Dr. Zack and colleagues used 14 mentally unhealthy days as the threshold to define frequent mental distress.
The final analysis included results from 3,112 counties representing all 50 states and Washington, D.C.
“For the 1993-2001 period, the smoothed [frequent mental distress] prevalence was less than 8% in 989 (31.8%) of the 3,112 counties analyzed and was ≥12.0% in 148 (4.8%) of counties,” they wrote.
By comparison, in 2003-2006, “the smoothed [frequent mental distress] prevalence was <8% in 494 counties (15.9%) and ≥12.0% in 502 (16.1%) of the counties.”
The researchers excluded counties in which there were fewer than 30 responses to this question: “Now thinking about your mental health, which includes stress, depression, and problems with emotions, for how many days during the previous 30 days was your mental health not good?”
Among the findings:
* During 1993-2001, 15 states had at least one county where the prevalence of frequent mental distress was ≥12.0% and by 2003-206 that number had doubled to 30 states.
* The prevalence of frequent mental distress tended to decrease in contiguous parts of the upper Midwest (Minnesota, Wisconsin, and Michigan), and to increase in the Four Corners area (Utah, Arizona, Colorado, and New Mexico), the Mississippi Valley (Missouri, Arkansas, Tennessee, Mississippi, and Alabama), and the central Appalachian region (Pennsylvania, Maryland, West Virginia, Ohio, Kentucky, and Virginia).
* Alabama and Kentucky were the only states that remained in the top five for frequent mental distress prevalence in both time periods — 9.8% and 12.7% for Alabama in 1993-2001 and 2003-2006 and 14.4% in both time periods for Kentucky.
* In addition to Hawaii, other states with low rates of mental distress were South Dakota, Iowa, Nebraska, and North Dakota.
The authors pointed out that the survey has a number of limitations, including the fact that “risk factors do not respect state boundaries.” Moreover, states that have large urban populations “tend to reflect the [frequent mental distress] prevalence in those areas due to their sheer numbers, potentially obscuring the detection of high or low [frequent mental distress] prevalence in less-populated areas of the state.”
Additionally, they said, because the Behavioral Risk Factor Surveillance System excludes homeless persons, people who reside in institutions, households without landlines, and those who are unable to complete the survey because of language problems, the survey might underrepresent people with frequent mental distress.

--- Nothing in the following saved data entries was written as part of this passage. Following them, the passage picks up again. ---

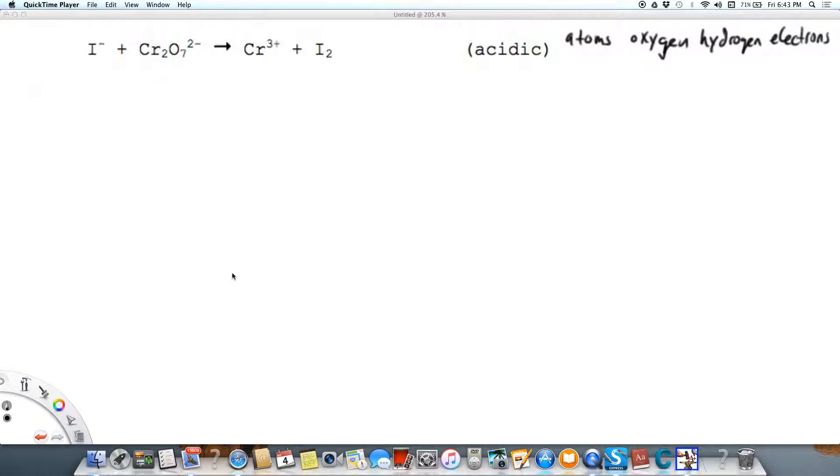We're going to balance the oxidation-reduction reaction where iodide, the ion, becomes the element iodine, and where dichromate becomes chromium-3 in acidic solution. We're going to use the atoms, oxygen, hydrogen, electrons method to balance this.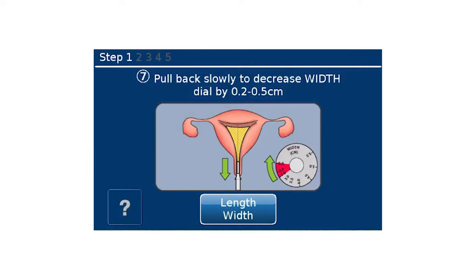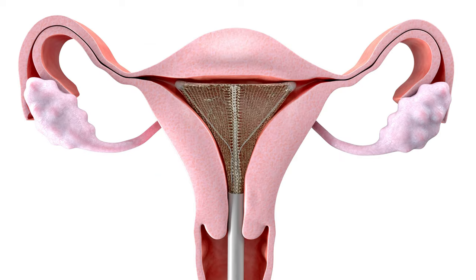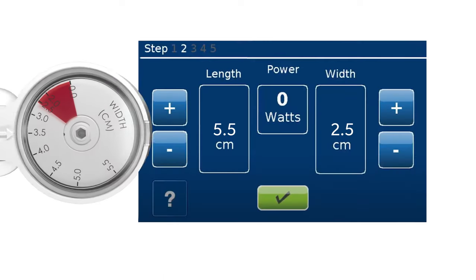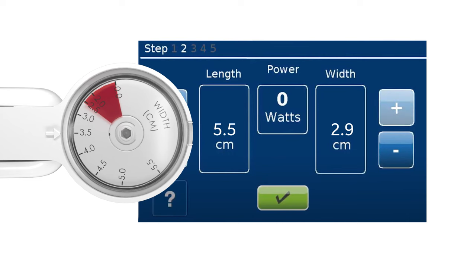To complete placement, slightly pull back the device until the width dial reading reduces by approximately 0.2 to 0.5 centimeters. Then advance the NovaSure device slowly and gently to the fundus. Make sure all movements are slow and gentle. The width dial should read greater than or equal to the previous measurement and should always be greater than 2.5 centimeters. Enter the uterine width measurement from the width dial into the RFC-10 generator control unit using the plus and minus buttons.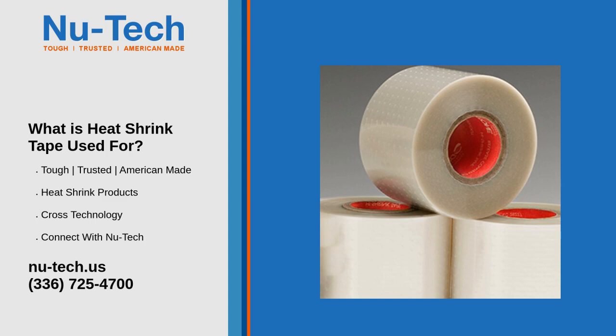Heat shrink tape is a cost-effective and easy-to-use solution for insulation, protection, and organization. Its versatility makes it a must-have for electricians, technicians, and even DIY enthusiasts.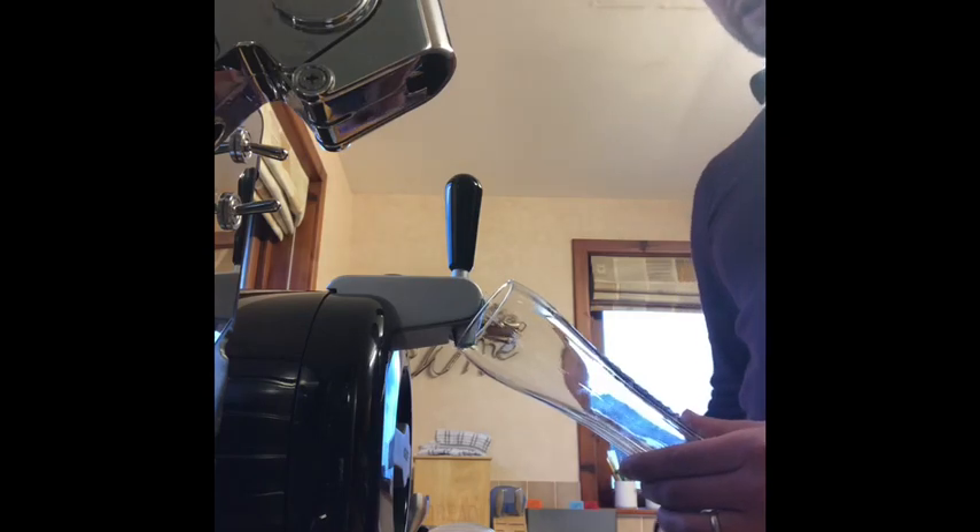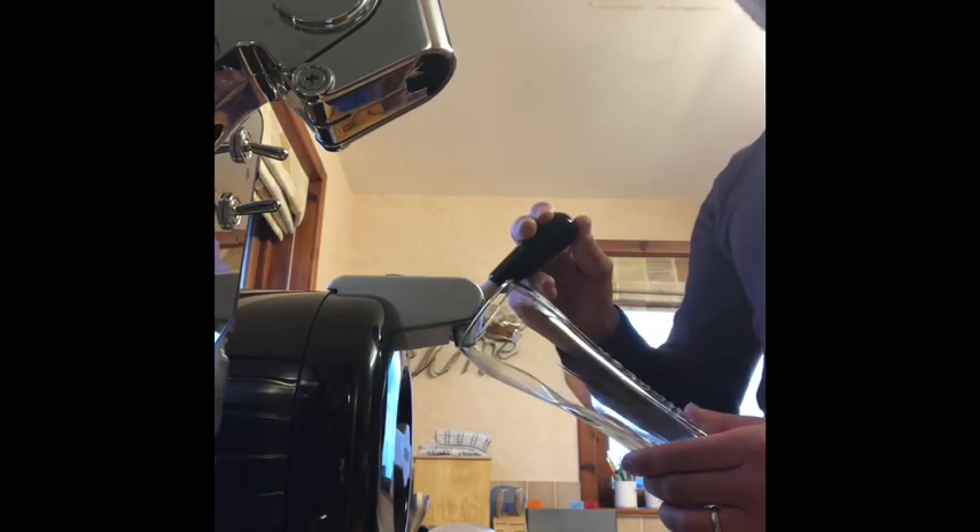You need to hold the glass at an angle of at least 45 degrees, and not down here but right up to the nozzle as well. Then you need to open the tap fully in one go. That's pretty much all there is to it — hold it at a good angle, right up there, fully open.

Moreover, the prevalence rates might reflect factors such as age, gender, race/ethnicity, employment status, occupation, educational background, natural disasters and a number of other factors that were not controlled for in the study.
Nonetheless, the authors concluded that because the data do indicate “potentially unmet health and social service needs, programs for public health, community mental health, and social services whose jurisdictions include areas with high [frequent mental distress] levels should collaborate to identify and eliminate the specific preventable sources of this distress.”
No financial disclosures were reported by the authors.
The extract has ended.